In the material below, find the line containing "Hey guys, welcome" and the line containing "Hi welcome to". Output those two lines and all lines between them exactly, without pictures.

SOURCE MATERIAL:
----

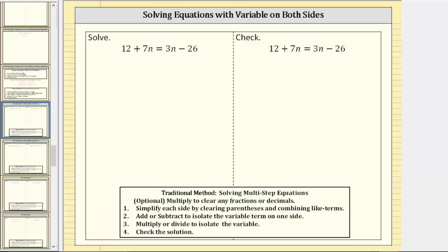Welcome to an example on how to solve a linear equation in one variable with variable terms on both sides of the equation. As we go through the solution process, it's important to remember we will be creating equivalent equations, and therefore, whatever operation we perform on one side of the equation, we must also perform on the other.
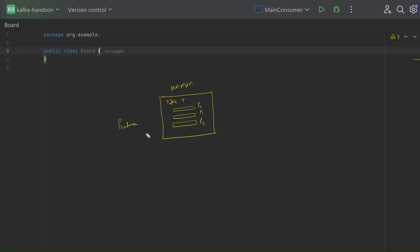Hey guys, welcome back. In today's video we will learn about Kafka partitioning. We touched upon this concept in the last video when we were covering consumer groups, and in this video we will spend some more time on the Kafka partitioners. So let's get started.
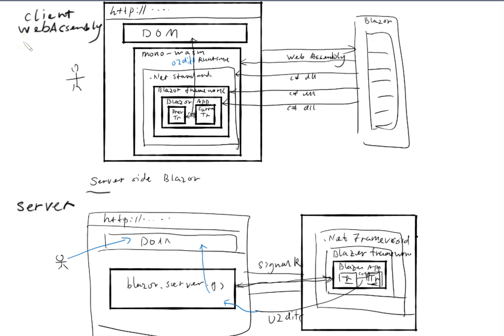Hello everyone. Today I want to create a video to help you guys choose which hosting model we should choose from. There's client web assembly and server side hosting models.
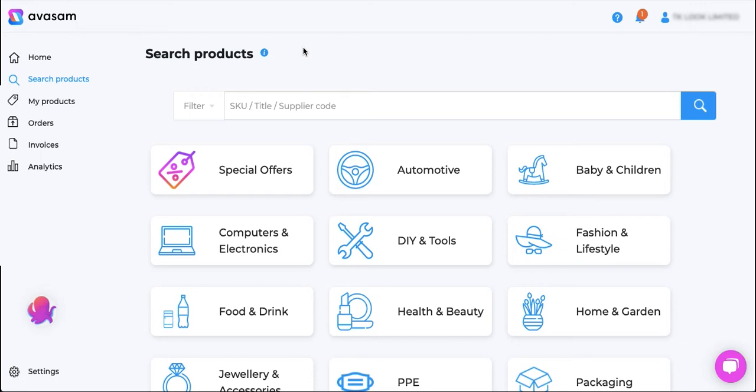Hi welcome to Avasam Insights, my name is Jay and in this video I'm going to show you how to view and download the return order reports for your orders on your Avasam account.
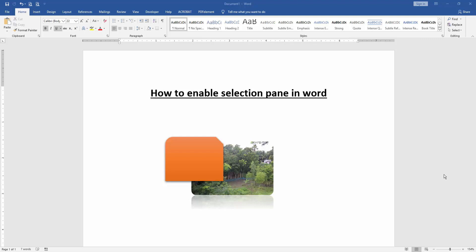In this video, I am going to show you how to enable Selection Pen in Microsoft Word. Let's get started.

----

OUTPUT OF THE EXERCISE:
Hey guys, welcome back. In today's video we will learn about Kafka partitioning. We touched upon this concept in the last video when we were covering consumer groups, and in this video we will spend some more time on the Kafka partitioners. So let's get started.
Hello everyone. Today I want to create a video to help you guys choose which hosting model we should choose from. There's client web assembly and server side hosting models.
Hi welcome to Avasam Insights, my name is Jay and in this video I'm going to show you how to view and download the return order reports for your orders on your Avasam account.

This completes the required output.